お隣り組と配給
隣組制度はいつ始まったのでしょうか。 我が家のあたりは、一つのブロックが二組になっていて、7~8
軒ずつの集まりでした。 組長は輪番制で、配給や回覧板の世話をしました。
町内会は隣組の集まりで、役員は退役軍人などでした。 回覧板は戦意高揚の檄を飛ばし、後に紙切れと化す戦時国債を買うことを勧めたりしました。 かなり無理やり買わされたようです。
八軒分の仕切りをつけた木箱に、家ごとの人数を書いたものを組長が保管していて、「お魚の配給!
チリンチリン」という合図を聞くと皆組長宅前に集まります。 魚屋さんは人数分ずつ、小分けして入れ、みんな文句も言わずに買います。 何日に一回配給があったでしょうか ・・・、それはいつの間にか全く無くなりました。 たんぱく質から先ず不足して行ったように思います。

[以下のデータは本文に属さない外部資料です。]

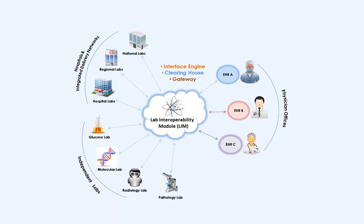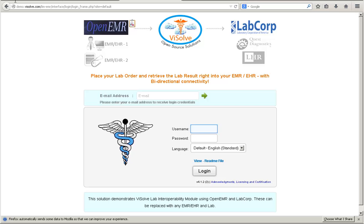Let us consider a scenario for this demo. Dr. Lisa Thomas is a physician who wants to place a lab order to LabCorp for one of her patients. Dr. Lisa uses OpenEMR at her facility that is integrated with Vsolve Lab Interoperability Module.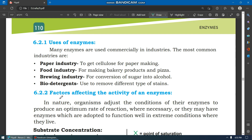Assalamu alaikum, welcome to my YouTube channel. I am Rafia Haseeb. Today we are going to discuss factors affecting the activity of enzymes. In the last video we talked about the use of enzymes in our body. Now we will talk about which factors increase the activity of enzymes, stop the activity of enzymes, or reduce the activity of enzymes, and which factors are where enzymes work good or at optimum.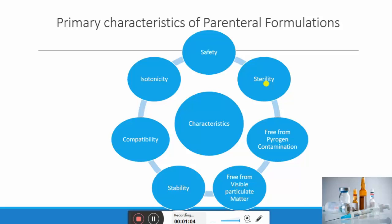At the end, sterility testing is performed to ensure the sterility of the formulation. The next characteristic is being free from pyrogen contamination. Pyrogens are substances which have the tendency to increase body temperature. To verify this, the LAL (Limulus Amebocyte Lysate) test, which is in vitro in nature, is used for the determination of the concentration of bacterial endotoxin present in the formulation, and it should comply with the pharmacopoeia.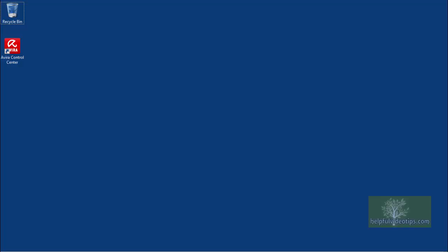In this video, we are going to perform a scan with Avira Free Antivirus 2015 to remove viruses and malware from your computer.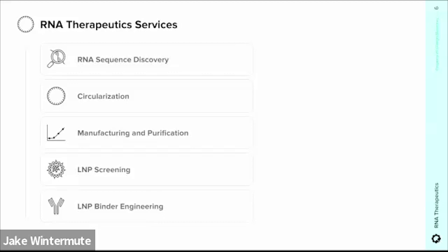Circular RNAs can offer significant advantages particularly in terms of stability and immunogenicity, but only if you can target them to the right tissue types and manufacture and purify them as well as traditional mRNAs — so we offer services in that department too. We can help you screen LNPs — lipid nanoparticles — to identify the packaging to deliver your RNA correctly, or we can engineer binders such as antibodies that will help your LNPs find the correct cell and tissue types. The idea is to be end-to-end: we want to be your RNA services supermarket.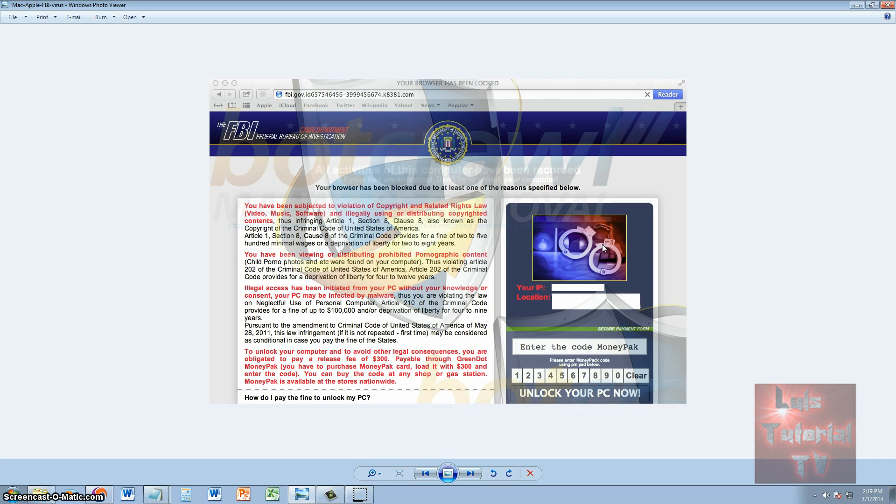Some people still believe this and they're still paying these hackers. Make this video viral so people know about this new virus that has come out for the Mac. There's not many tutorials out there on how to fix it; they're barely coming out now.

特に印象深いのは鰯の配給でした。 あれは戦時中だったのか、戦後だったのか? 戦後のような気もするのですが
・・・、鰯だけは一度にどっさり届いたので、仕切り箱は使わず、めいめい鍋に入れてもらいました。 たまに、決まって夜の 9 時半ごろ、「鰯の配給!」と、起こされるのです。 (当時は早寝でした) みんな喜んで飛び出します。
小型トラックから、一人に 5~6
匹づつ配給されました。 凄いご馳走です。 今よりはるかに漁獲量の多かった鰯。 大漁だと倉庫はないし、何しろ氷が足りませんから、すぐに売らなければ腐ってしまうのです。 そこで、漁港から真っ直ぐ消費地へ運んで、目黒にはいつも夜の 9 時半に着くのでした。
一人 6
匹は嬉しいけれど、冷蔵庫がないので、母と私は先ず一匹ずつ生でむさぼります。 夜だってお腹はすいていますから。 それから七輪に火をおこして焼きます。 明日のご馳走です。 翌朝はご飯がなくても鰯のご馳走というわけでした。
骨は焼きなおして食べました。頭は焼いて乾燥させて粉にして食べました。 鰯には感謝していて、いまだに大好きです。 漁獲量が減って、高級魚になってしまいましたが、昔は一番安くて豊富な魚だったのです。